Problem statement:
Everything from the line containing "Продаю свой новый" through the last line of the data below must be copied exactly, with no other lines included.

Dataset:
------------------------------------------------------------

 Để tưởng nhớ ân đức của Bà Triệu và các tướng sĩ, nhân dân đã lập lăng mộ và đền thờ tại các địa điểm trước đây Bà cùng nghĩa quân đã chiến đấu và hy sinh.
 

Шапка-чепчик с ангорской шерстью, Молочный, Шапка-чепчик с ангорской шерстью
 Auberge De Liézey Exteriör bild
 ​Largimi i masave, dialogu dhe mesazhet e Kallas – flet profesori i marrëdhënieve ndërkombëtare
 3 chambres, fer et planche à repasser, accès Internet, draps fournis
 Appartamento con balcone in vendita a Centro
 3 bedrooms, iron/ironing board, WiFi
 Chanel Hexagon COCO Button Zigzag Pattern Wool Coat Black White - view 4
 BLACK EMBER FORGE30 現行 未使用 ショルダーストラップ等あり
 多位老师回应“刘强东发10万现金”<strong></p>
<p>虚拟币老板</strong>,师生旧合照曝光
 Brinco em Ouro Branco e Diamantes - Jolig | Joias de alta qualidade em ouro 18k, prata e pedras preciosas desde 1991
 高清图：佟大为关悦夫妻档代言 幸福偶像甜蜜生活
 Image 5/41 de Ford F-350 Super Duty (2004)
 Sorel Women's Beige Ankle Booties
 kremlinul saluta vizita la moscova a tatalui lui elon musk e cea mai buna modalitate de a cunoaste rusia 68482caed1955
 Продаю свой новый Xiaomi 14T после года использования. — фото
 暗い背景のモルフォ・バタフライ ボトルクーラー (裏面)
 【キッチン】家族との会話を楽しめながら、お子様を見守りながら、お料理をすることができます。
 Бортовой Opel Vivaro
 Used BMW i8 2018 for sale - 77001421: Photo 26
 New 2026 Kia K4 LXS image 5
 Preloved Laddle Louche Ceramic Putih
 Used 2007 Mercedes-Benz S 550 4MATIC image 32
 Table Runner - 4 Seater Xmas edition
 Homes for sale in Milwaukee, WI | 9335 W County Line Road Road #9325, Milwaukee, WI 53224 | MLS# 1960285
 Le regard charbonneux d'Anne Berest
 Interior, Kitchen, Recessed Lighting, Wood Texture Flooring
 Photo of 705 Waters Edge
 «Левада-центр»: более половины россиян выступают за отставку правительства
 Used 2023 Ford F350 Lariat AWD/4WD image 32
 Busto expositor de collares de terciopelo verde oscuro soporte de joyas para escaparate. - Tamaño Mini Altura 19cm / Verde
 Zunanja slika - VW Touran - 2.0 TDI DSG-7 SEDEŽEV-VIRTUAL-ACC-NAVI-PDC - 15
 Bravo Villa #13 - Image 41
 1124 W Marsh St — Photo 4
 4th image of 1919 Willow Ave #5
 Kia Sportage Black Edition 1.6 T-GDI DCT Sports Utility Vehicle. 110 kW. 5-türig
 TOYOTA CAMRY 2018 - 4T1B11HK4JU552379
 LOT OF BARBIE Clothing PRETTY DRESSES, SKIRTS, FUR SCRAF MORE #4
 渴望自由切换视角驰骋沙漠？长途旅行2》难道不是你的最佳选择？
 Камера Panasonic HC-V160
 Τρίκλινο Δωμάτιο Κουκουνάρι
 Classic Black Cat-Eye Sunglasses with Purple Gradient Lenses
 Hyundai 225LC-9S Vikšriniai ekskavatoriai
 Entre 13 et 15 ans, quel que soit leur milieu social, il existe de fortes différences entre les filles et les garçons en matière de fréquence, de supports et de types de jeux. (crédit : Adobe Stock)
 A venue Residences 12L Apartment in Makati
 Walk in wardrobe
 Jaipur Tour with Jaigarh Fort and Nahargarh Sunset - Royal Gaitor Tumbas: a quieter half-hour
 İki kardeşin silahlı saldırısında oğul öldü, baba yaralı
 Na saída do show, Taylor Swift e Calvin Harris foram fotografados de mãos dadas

------------------------------------------------------------

Exercise output:
 Продаю свой новый Xiaomi 14T после года использования. — фото
 暗い背景のモルフォ・バタフライ ボトルクーラー (裏面)
 【キッチン】家族との会話を楽しめながら、お子様を見守りながら、お料理をすることができます。
 Бортовой Opel Vivaro
 Used BMW i8 2018 for sale - 77001421: Photo 26
 New 2026 Kia K4 LXS image 5
 Preloved Laddle Louche Ceramic Putih
 Used 2007 Mercedes-Benz S 550 4MATIC image 32
 Table Runner - 4 Seater Xmas edition
 Homes for sale in Milwaukee, WI | 9335 W County Line Road Road #9325, Milwaukee, WI 53224 | MLS# 1960285
 Le regard charbonneux d'Anne Berest
 Interior, Kitchen, Recessed Lighting, Wood Texture Flooring
 Photo of 705 Waters Edge
 «Левада-центр»: более половины россиян выступают за отставку правительства
 Used 2023 Ford F350 Lariat AWD/4WD image 32
 Busto expositor de collares de terciopelo verde oscuro soporte de joyas para escaparate. - Tamaño Mini Altura 19cm / Verde
 Zunanja slika - VW Touran - 2.0 TDI DSG-7 SEDEŽEV-VIRTUAL-ACC-NAVI-PDC - 15
 Bravo Villa #13 - Image 41
 1124 W Marsh St — Photo 4
 4th image of 1919 Willow Ave #5
 Kia Sportage Black Edition 1.6 T-GDI DCT Sports Utility Vehicle. 110 kW. 5-türig
 TOYOTA CAMRY 2018 - 4T1B11HK4JU552379
 LOT OF BARBIE Clothing PRETTY DRESSES, SKIRTS, FUR SCRAF MORE #4
 渴望自由切换视角驰骋沙漠？长途旅行2》难道不是你的最佳选择？
 Камера Panasonic HC-V160
 Τρίκλινο Δωμάτιο Κουκουνάρι
 Classic Black Cat-Eye Sunglasses with Purple Gradient Lenses
 Hyundai 225LC-9S Vikšriniai ekskavatoriai
 Entre 13 et 15 ans, quel que soit leur milieu social, il existe de fortes différences entre les filles et les garçons en matière de fréquence, de supports et de types de jeux. (crédit : Adobe Stock)
 A venue Residences 12L Apartment in Makati
 Walk in wardrobe
 Jaipur Tour with Jaigarh Fort and Nahargarh Sunset - Royal Gaitor Tumbas: a quieter half-hour
 İki kardeşin silahlı saldırısında oğul öldü, baba yaralı
 Na saída do show, Taylor Swift e Calvin Harris foram fotografados de mãos dadas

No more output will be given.